## Problem 6
Construct a small story of your own choosing in the spirit of the “Murder Mystery” we considered in class (can be from a completely different domain). Define a “prior” distribution, a “likelihood”, and justify your selection of probabilities. Create a first folder in your team repository and write a script containing fully vectorized code which simulates your story and outputs a table representing the approximate joint probabilities (which we approximated through the relative frequencies across N simulation runs). Compare this table to the analytic probabilities. How large should N be for the approximate probabilities to become almost indistinguishable from the analytic ones?

# The Galactic Heist Mystery

## Scenario Description
In a distant future, where interstellar travel is commonplace, a notorious heist has taken place in the Galactic Museum. Two suspects, a notorious Space Pirate and a cunning Galactic Spy, are believed to be involved in stealing one of three precious artifacts: the Quantum Crystal, the Hyperdrive Core, or the Alien Relic.

### Characters:
- **Space Pirate**: Known for audacious space heists.
- **Galactic Spy**: Skilled in stealth and infiltration.

### Items:
- **Quantum Crystal**: A rare gem with unique properties.
- **Hyperdrive Core**: Essential for faster-than-light travel.
- **Alien Relic**: An ancient artifact of unknown origin.

### Objective
We will construct a probabilistic model to simulate this scenario.
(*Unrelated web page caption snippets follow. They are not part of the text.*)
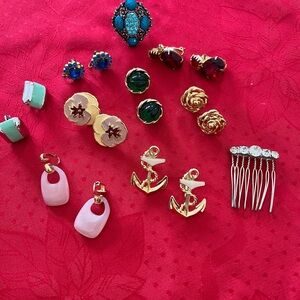 Gold and Pink Anchor Earrings Set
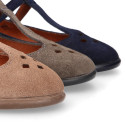 Suede leather T-Bar Girl Mary Jane shoes with buckle fastening and chopped design.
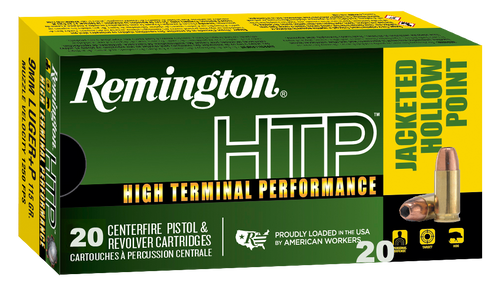 Remington Ammunition HTP 9mmLuger+P 115gr Jacketed Hollow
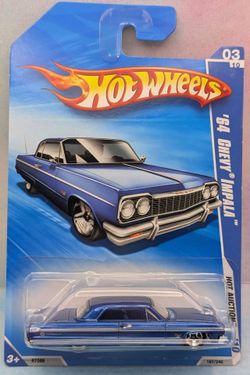 2010 Hot Wheels '64 Chevy Impala Blue Die-Cast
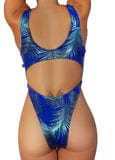 Cleo the Hurricane Bodysuits Jungle Palm Monokini-Royal Teal
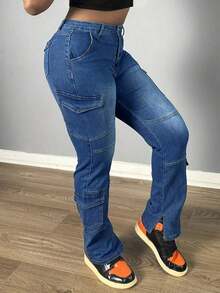 Women's Jeans Casual Black Skinny Stretch Flared Pants Workwear Teacher Pants Flare Sweatpants Winter Clothes Fall Back To School Women Jeans  Back To School Clothes - 藍色 - 查看 6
Our model will incorporate prior probabilities reflecting the likelihood of each suspect's involvement and the conditional probabilities (likelihoods) of each suspect choosing a specific item. By simulating this scenario multiple times, we'll estimate the joint probabilities of each suspect-item combination and compare these with the analytically calculated probabilities.

## Probability Setup

### Prior Probabilities
- **Space Pirate**: 70% (Given their history of similar heists)
- **Galactic Spy**: 30% (Less likely but still a considerable suspect)

### Likelihoods
- **Space Pirate's Preferences**: 50% Quantum Crystal, 20% Hyperdrive Core, 30% Alien Relic
- **Galactic Spy's Preferences**: 10% Quantum Crystal, 60% Hyperdrive Core, 30% Alien Relic

These probabilities are based on each character's known preferences. The Space Pirate, known for their love of unique gems, is more likely to go for the Quantum Crystal, while the Galactic Spy, who values technology, might prefer the Hyperdrive Core.

In [1]:
# Import the necessary libraries
import numpy as np
import pandas as pd

Pyarrow will become a required dependency of pandas in the next major release of pandas (pandas 3.0),
(to allow more performant data types, such as the Arrow string type, and better interoperability with other libraries)
but was not found to be installed on your system.
If this would cause problems for you,
please provide us feedback at https://github.com/pandas-dev/pandas/issues/54466
        
  import pandas as pd


In [2]:
# Scenario setup
characters = ('Space Pirate', 'Galactic Spy')
items = ('Quantum Crystal', 'Hyperdrive Core', 'Alien Relic')
prior_probs = (0.7, 0.3)  # Probabilities for Space Pirate and Galactic Spy
pirate_probs = (0.5, 0.2, 0.3)  # Probabilities for Space Pirate choosing each item
spy_probs = (0.1, 0.6, 0.3)     # Probabilities for Galactic Spy choosing each item

In [3]:
# Define the functions for the simulation

"""
    Randomly selects a character based on the prior probabilities.

    Parameters:
    characters (tuple of str): A tuple containing the names of the characters.
    probs (tuple of float): A tuple containing the prior probabilities associated with each character.
                            These probabilities must sum up to 1. For example, (0.7, 0.3).

    Returns:
    str: A randomly chosen character based on the prior probabilities. 
         The output is one of the strings from the 'characters' input.
    """
def draw_prior(characters, probs):
    return np.random.choice(characters, p=probs)

"""
    Chooses an item based on the selected character and their preferences.

    Args:
    items (tuple of str): A tuple containing the names of the items.
                          For example, ('Quantum Crystal', 'Hyperdrive Core', 'Alien Relic').
    character (str): The character for whom the item is being chosen. 
                     It should be one of the strings from the 'characters' tuple.
    pirate_probs (tuple of float): A tuple containing the probabilities of the Space Pirate 
                                   choosing each item. These probabilities should sum up to 1.
    spy_probs (tuple of float): A tuple containing the probabilities of the Galactic Spy 
                                choosing each item. These probabilities should sum up to 1.

    Returns:
    str: The chosen item based on the character's preferences. 
         The output is one of the strings from the 'items' input.
"""
def draw_model(items, character, pirate_probs, spy_probs):
    if character == 'Space Pirate':
        return np.random.choice(items, p=pirate_probs)
    return np.random.choice(items, p=spy_probs)

"""
    Generates a scenario combining a character and an item.

    Args:
    items (tuple of str): A tuple containing the names of the items.
    characters (tuple of str): A tuple containing the names of the characters.
    prior_probs (tuple of float): A tuple containing the prior probabilities associated with each character.
    pirate_probs (tuple of float): A tuple containing the probabilities of the Space Pirate 
                                   choosing each item.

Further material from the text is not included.